Given the possibility of receiving content over 360°, 24 hours a day, 365 days a year – music, radio on the subway, WIFI on airplanes, tablets, and TV in airports – one speaks today of the “right to disconnect” as another part of the “right to receive.” A good example is the US court decision in Hill v. Colorado (2000), which talks about a “right not to receive information”13 that is part of freedom of speech in US law.

At the global level, we can say that actively exercising the right to receive or not receive information requires information pluralism (Lecaros 2003, pp. 57–80) – that is, the freedom to create media. The right to receive or not receive information presupposes the freedom to create media, because without such media, there would be no information to receive. Any restriction or administrative condition imposed on the creation of media, in the form of a requirement for authorization, licenses, or concessions, disrupts the ability to create – sometimes gravely so – and reduces media pluralism. This, in turn, disrupts the ability to choose information – that is, to receive it or not. I fear that in developing countries pluralism is scarce. This discrimination can be reduced only by providing Internet access.

Unfortunately, in many countries, the notion that radio and television are state property, as was indeed the case in Europe until the liberalization of the telecommunications industry at the end of the 1990s, has led to a system of licenses and concessions that regulates the existence of audiovisual media. Another challenge to the ability to receive information is legislation that restricts freedom of information.

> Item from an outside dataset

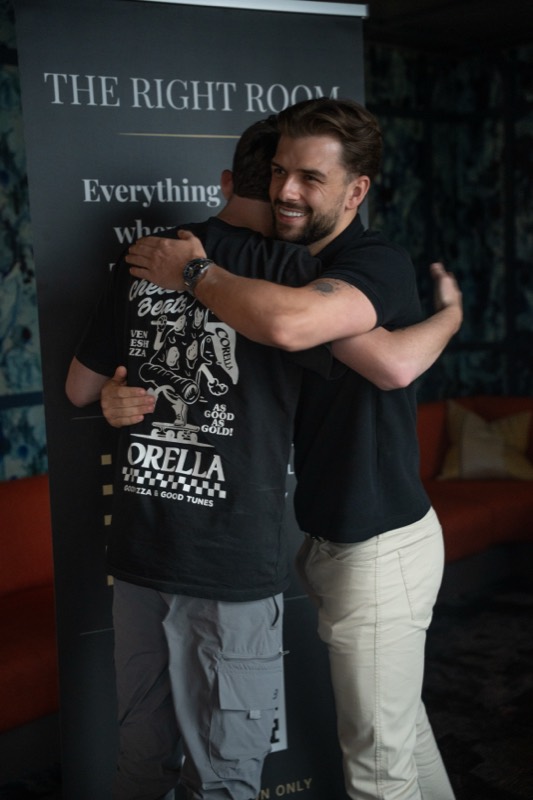 A welcome hug in front of The Right Room banner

Such legislation runs the gamut from laws that enshrine censorship – which, as we have seen, threaten social websites such as Twitter and Facebook – to content-publishing platforms such as YouTube and even cloud sites like Google Drive, as well as to regulations that restrict specific types of information for religious, social, economic, or political reasons. Any restriction on the dissemination of information is a direct attack on the right to communicate. Of course, freedom has its risks, but they are less evident than the risks that come with the absence of freedom.

Another threat to the ability to receive information, which has been and remains present in many countries, is the excessive presence of the state in media ownership, to the point that private initiatives are squashed or such initiatives must compete with state-run operations at an unfair disadvantage, if for no other reason than that state-run media can draw on government funding and even supplement their budgets from private advertising. Under these circumstances, the right to receive information is annulled or at least weakened, and the state has its own powerful media.

At the opposite extreme lies the hyperconcentration of wealth in private hands in the United States, which has included the development of large media conglomerates. This situation also affects the ability to receive information. When none of the media in a country is public, some voices in that society may go unrepresented, and many perspectives will be neglected, especially in highly fragmented societies. This situation may be exacerbated by the current state of the online news market, characterized by the central role of social media platforms in providing access to the news. These players, whose ownership is also concentrated in a few hands, have an outsized role in controlling both revenue streams for media companies, as they control large parts of the advertising market, and the flow of information itself, as they command large audiences and dictate what news content can reach them, as well as how and when it will do so (see Cetina Presuel and Martínez Sierra 2019).

Other threats to exercising the freedom to receive information, as well as threats to the freedom of selecting information, which all individuals should have, could be mentioned. The most positive solution is to encourage the creation of news companies that have a clear commitment to independence and a strong sense of responsibility as expressed by Nieto14 (1973). Several such examples of new media have emerged in recent years, such as journalist societies (sociétés de rédacteurs). These may not resolve problems completely, but they do allow business risks to be spread over diverse stakeholders.